Please print all of the records that follow with nothing altered.
---- SUPPLIED DATA
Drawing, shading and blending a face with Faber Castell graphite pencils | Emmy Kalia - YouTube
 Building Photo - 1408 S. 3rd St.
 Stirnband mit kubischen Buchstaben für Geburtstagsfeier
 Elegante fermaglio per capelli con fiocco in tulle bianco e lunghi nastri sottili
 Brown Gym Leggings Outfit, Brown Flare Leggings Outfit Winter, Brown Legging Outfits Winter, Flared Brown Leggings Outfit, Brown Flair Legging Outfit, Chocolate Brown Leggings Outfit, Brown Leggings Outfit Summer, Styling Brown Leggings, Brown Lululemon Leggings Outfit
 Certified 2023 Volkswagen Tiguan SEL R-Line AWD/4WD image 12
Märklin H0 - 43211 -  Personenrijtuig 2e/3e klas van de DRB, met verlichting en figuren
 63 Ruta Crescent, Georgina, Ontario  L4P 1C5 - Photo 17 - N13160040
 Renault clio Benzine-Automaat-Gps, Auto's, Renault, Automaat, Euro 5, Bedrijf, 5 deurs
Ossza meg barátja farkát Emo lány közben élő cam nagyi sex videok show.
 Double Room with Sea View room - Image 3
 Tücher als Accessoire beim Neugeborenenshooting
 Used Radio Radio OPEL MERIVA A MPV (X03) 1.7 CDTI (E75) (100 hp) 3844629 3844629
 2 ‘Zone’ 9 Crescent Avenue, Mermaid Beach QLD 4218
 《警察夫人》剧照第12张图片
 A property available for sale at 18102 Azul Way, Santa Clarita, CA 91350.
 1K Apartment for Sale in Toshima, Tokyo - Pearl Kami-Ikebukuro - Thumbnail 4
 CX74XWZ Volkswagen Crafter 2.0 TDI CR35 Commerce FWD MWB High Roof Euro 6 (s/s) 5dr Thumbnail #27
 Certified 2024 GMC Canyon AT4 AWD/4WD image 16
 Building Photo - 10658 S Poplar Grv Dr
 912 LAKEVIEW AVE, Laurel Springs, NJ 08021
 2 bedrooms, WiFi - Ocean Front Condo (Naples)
--------
● **RESPONSE**:
Drawing, shading and blending a face with Faber Castell graphite pencils | Emmy Kalia - YouTube
 Building Photo - 1408 S. 3rd St.
 Stirnband mit kubischen Buchstaben für Geburtstagsfeier
 Elegante fermaglio per capelli con fiocco in tulle bianco e lunghi nastri sottili
 Brown Gym Leggings Outfit, Brown Flare Leggings Outfit Winter, Brown Legging Outfits Winter, Flared Brown Leggings Outfit, Brown Flair Legging Outfit, Chocolate Brown Leggings Outfit, Brown Leggings Outfit Summer, Styling Brown Leggings, Brown Lululemon Leggings Outfit
 Certified 2023 Volkswagen Tiguan SEL R-Line AWD/4WD image 12
Märklin H0 - 43211 -  Personenrijtuig 2e/3e klas van de DRB, met verlichting en figuren
 63 Ruta Crescent, Georgina, Ontario  L4P 1C5 - Photo 17 - N13160040
 Renault clio Benzine-Automaat-Gps, Auto's, Renault, Automaat, Euro 5, Bedrijf, 5 deurs
Ossza meg barátja farkát Emo lány közben élő cam nagyi sex videok show.
 Double Room with Sea View room - Image 3
 Tücher als Accessoire beim Neugeborenenshooting
 Used Radio Radio OPEL MERIVA A MPV (X03) 1.7 CDTI (E75) (100 hp) 3844629 3844629
 2 ‘Zone’ 9 Crescent Avenue, Mermaid Beach QLD 4218
 《警察夫人》剧照第12张图片
 A property available for sale at 18102 Azul Way, Santa Clarita, CA 91350.
 1K Apartment for Sale in Toshima, Tokyo - Pearl Kami-Ikebukuro - Thumbnail 4
 CX74XWZ Volkswagen Crafter 2.0 TDI CR35 Commerce FWD MWB High Roof Euro 6 (s/s) 5dr Thumbnail #27
 Certified 2024 GMC Canyon AT4 AWD/4WD image 16
 Building Photo - 10658 S Poplar Grv Dr
 912 LAKEVIEW AVE, Laurel Springs, NJ 08021
 2 bedrooms, WiFi - Ocean Front Condo (Naples)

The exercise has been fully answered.